ACI-BENCH: a Novel Ambient Clinical Intelligence Dataset for Benchmarking Automatic Visit Note Generation
Wen-wai Yim, Yujuan Fu, Asma Ben Abacha, Neal Snider, Thomas Lin, Meliha Yetisgen
TL;DR
ACI-BENCH introduces the largest public corpus for model-assisted visit-note generation from doctor–patient dialogue, addressing the need for open benchmarks in clinical NLP. It implements three realistic data-generation modes and a SOAP-aligned four-division note structure, paired with thorough content validation and ASR variation analysis. The paper benchmarks a wide spectrum of models, including retrieval baselines, BART/LED variants, BioBART, and OpenAI APIs, revealing that division-based generation often outperforms full-note generation and that GPT-4 and other strong LLMs achieve competitive medcon and Rouge scores. The dataset enables reproducible benchmarking, cross-model comparisons, and development of evaluation metrics tailored to clinical note generation, with practical implications for advancing ambient clinical intelligence while highlighting current limitations. Overall, ACI-BENCH provides a rigorous, publicly available benchmark to drive methodological progress in AI-assisted clinical documentation.
Abstract
Recent immense breakthroughs in generative models such as in GPT4 have precipitated re-imagined ubiquitous usage of these models in all applications. One area that can benefit by improvements in artificial intelligence (AI) is healthcare. The note generation task from doctor-patient encounters, and its associated electronic medical record documentation, is one of the most arduous time-consuming tasks for physicians. It is also a natural prime potential beneficiary to advances in generative models. However with such advances, benchmarking is more critical than ever. Whether studying model weaknesses or developing new evaluation metrics, shared open datasets are an imperative part of understanding the current state-of-the-art.

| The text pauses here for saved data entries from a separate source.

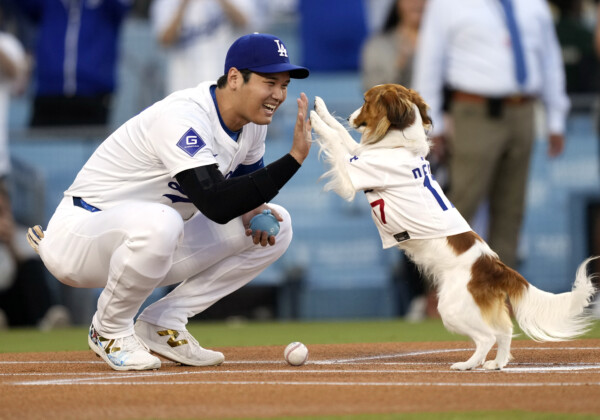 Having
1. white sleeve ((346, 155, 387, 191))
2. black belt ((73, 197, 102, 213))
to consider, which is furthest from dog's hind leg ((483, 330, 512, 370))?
black belt ((73, 197, 102, 213))

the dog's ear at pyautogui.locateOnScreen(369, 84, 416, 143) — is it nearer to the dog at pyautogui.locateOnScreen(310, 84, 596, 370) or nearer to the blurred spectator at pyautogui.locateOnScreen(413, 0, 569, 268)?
the dog at pyautogui.locateOnScreen(310, 84, 596, 370)

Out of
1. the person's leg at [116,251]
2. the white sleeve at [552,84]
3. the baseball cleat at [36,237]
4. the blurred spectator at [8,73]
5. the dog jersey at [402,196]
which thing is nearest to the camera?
the person's leg at [116,251]

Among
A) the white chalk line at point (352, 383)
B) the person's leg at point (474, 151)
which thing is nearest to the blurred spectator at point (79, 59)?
the person's leg at point (474, 151)

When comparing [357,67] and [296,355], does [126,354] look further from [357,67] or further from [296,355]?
[357,67]

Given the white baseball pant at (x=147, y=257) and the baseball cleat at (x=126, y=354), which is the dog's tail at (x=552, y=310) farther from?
the baseball cleat at (x=126, y=354)

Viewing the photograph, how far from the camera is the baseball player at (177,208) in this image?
524 centimetres

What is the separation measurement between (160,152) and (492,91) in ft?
13.4

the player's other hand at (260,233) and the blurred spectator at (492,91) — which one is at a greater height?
the blurred spectator at (492,91)

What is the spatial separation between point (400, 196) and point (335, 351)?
1.34 meters

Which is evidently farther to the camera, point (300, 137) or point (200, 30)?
point (200, 30)

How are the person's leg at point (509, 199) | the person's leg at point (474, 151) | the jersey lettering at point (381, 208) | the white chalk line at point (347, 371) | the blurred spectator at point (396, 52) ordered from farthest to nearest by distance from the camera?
1. the blurred spectator at point (396, 52)
2. the person's leg at point (509, 199)
3. the person's leg at point (474, 151)
4. the jersey lettering at point (381, 208)
5. the white chalk line at point (347, 371)

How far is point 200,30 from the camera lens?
11.0m

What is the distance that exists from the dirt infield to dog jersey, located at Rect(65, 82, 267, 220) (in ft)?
3.12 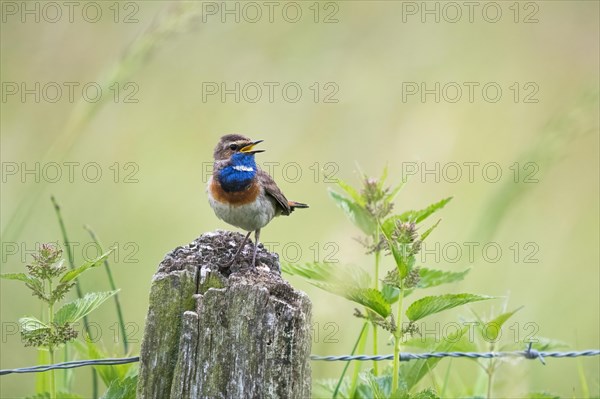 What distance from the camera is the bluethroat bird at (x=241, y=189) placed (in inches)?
193

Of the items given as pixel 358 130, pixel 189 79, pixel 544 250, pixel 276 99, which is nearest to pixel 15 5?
pixel 189 79

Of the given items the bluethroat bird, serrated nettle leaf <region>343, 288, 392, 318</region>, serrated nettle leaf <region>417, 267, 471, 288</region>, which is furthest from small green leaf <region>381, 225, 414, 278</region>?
the bluethroat bird

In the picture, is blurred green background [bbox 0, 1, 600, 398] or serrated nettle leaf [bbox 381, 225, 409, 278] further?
blurred green background [bbox 0, 1, 600, 398]

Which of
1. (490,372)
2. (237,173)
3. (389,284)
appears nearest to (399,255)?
(389,284)

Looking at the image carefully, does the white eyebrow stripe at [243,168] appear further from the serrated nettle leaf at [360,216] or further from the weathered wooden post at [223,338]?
the weathered wooden post at [223,338]

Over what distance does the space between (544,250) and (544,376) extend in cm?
157

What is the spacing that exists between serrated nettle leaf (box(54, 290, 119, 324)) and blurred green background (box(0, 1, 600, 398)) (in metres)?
2.25

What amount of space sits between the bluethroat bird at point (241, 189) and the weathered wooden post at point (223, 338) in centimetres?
139

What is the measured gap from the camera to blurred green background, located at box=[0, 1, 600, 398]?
23.3 ft

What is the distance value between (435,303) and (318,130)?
5301 millimetres

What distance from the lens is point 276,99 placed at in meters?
8.87

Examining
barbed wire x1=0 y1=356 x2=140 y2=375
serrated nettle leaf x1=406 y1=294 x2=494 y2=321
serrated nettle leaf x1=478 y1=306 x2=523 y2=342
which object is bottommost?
barbed wire x1=0 y1=356 x2=140 y2=375

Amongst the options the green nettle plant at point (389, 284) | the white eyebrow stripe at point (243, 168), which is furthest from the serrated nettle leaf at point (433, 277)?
the white eyebrow stripe at point (243, 168)

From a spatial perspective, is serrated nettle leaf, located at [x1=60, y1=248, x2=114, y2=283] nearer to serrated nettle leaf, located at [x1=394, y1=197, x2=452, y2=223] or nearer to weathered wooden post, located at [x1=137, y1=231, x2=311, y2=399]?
weathered wooden post, located at [x1=137, y1=231, x2=311, y2=399] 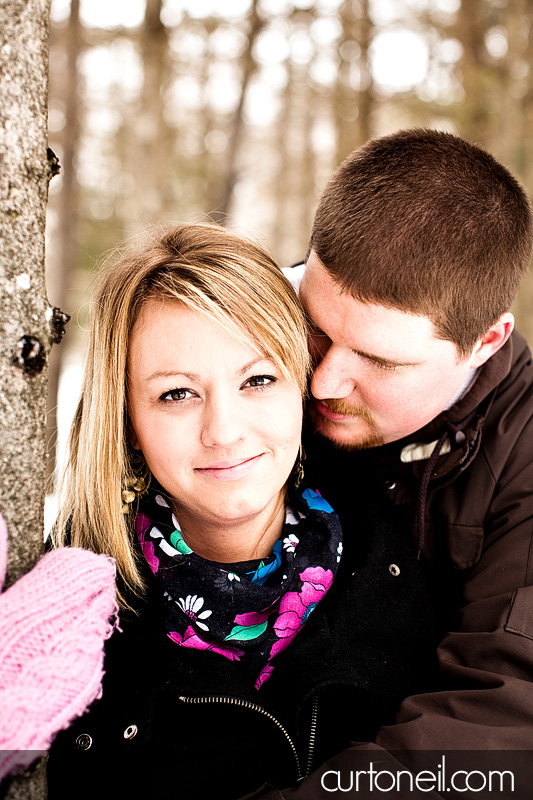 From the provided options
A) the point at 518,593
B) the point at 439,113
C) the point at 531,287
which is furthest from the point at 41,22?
the point at 439,113

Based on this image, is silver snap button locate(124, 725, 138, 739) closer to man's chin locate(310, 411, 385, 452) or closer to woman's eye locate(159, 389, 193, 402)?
woman's eye locate(159, 389, 193, 402)

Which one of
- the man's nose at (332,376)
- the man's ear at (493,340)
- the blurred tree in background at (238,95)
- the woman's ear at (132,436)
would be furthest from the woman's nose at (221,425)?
the blurred tree in background at (238,95)

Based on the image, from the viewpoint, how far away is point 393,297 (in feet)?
7.42

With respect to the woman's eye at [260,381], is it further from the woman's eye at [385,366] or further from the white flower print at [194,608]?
the white flower print at [194,608]

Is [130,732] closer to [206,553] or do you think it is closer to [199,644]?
[199,644]

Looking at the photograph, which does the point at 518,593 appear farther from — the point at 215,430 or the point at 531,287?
the point at 531,287

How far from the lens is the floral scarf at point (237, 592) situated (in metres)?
2.12

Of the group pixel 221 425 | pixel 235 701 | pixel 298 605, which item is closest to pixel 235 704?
pixel 235 701

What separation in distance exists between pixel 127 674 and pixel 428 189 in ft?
5.77

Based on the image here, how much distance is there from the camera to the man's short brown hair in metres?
2.27

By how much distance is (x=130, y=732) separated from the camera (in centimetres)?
192

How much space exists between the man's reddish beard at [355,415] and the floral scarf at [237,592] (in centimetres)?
43

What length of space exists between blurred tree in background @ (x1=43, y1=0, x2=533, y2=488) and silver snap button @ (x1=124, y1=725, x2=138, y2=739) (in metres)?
3.93

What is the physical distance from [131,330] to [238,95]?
5512mm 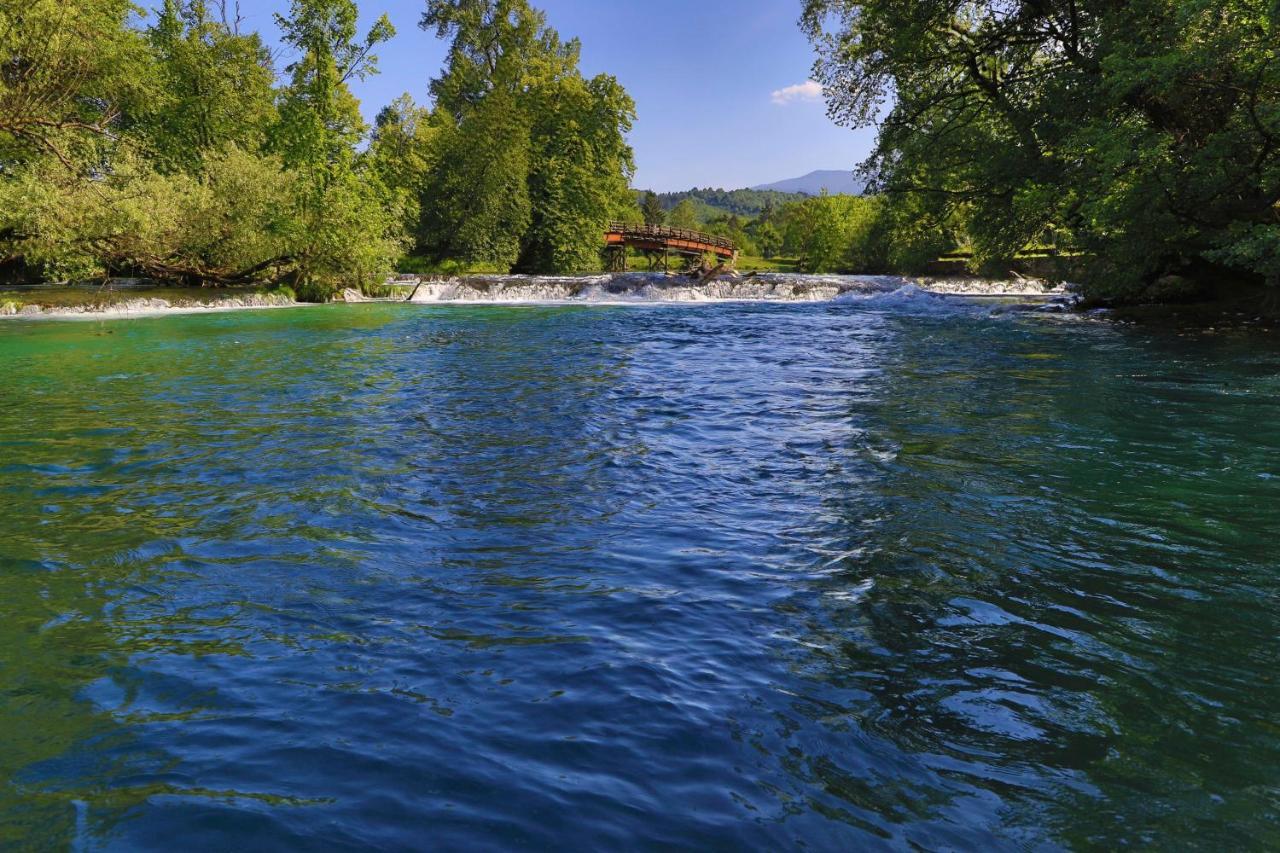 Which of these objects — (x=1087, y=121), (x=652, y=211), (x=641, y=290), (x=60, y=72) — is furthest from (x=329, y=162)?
(x=652, y=211)

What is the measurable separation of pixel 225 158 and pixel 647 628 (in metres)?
35.2

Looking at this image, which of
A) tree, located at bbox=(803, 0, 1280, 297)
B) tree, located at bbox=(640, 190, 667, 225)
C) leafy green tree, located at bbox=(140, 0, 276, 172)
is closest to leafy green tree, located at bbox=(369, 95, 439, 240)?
leafy green tree, located at bbox=(140, 0, 276, 172)

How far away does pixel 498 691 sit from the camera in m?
3.94

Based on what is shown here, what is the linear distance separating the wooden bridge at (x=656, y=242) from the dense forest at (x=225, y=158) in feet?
26.8

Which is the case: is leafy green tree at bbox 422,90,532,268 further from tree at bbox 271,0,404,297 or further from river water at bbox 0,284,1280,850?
river water at bbox 0,284,1280,850

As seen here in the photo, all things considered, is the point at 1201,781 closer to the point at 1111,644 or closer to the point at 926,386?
the point at 1111,644

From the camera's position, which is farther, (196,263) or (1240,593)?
(196,263)

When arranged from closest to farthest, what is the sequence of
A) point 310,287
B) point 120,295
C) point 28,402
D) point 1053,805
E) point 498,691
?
point 1053,805
point 498,691
point 28,402
point 120,295
point 310,287

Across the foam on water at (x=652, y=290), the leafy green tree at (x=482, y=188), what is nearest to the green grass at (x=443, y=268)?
the leafy green tree at (x=482, y=188)

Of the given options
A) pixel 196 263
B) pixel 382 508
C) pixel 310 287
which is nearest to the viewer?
pixel 382 508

Unfortunately as clinic encounter conversations are not routinely recorded and are difficult to ethically share due to patient confidentiality, there are no sufficiently large clinic dialogue-note datasets to benchmark this task. Here we present the Ambient Clinical Intelligence Benchmark (ACI-BENCH) corpus, the largest dataset to date tackling the problem of AI-assisted note generation from visit dialogue. We also present the benchmark performances of several common state-of-the-art approaches.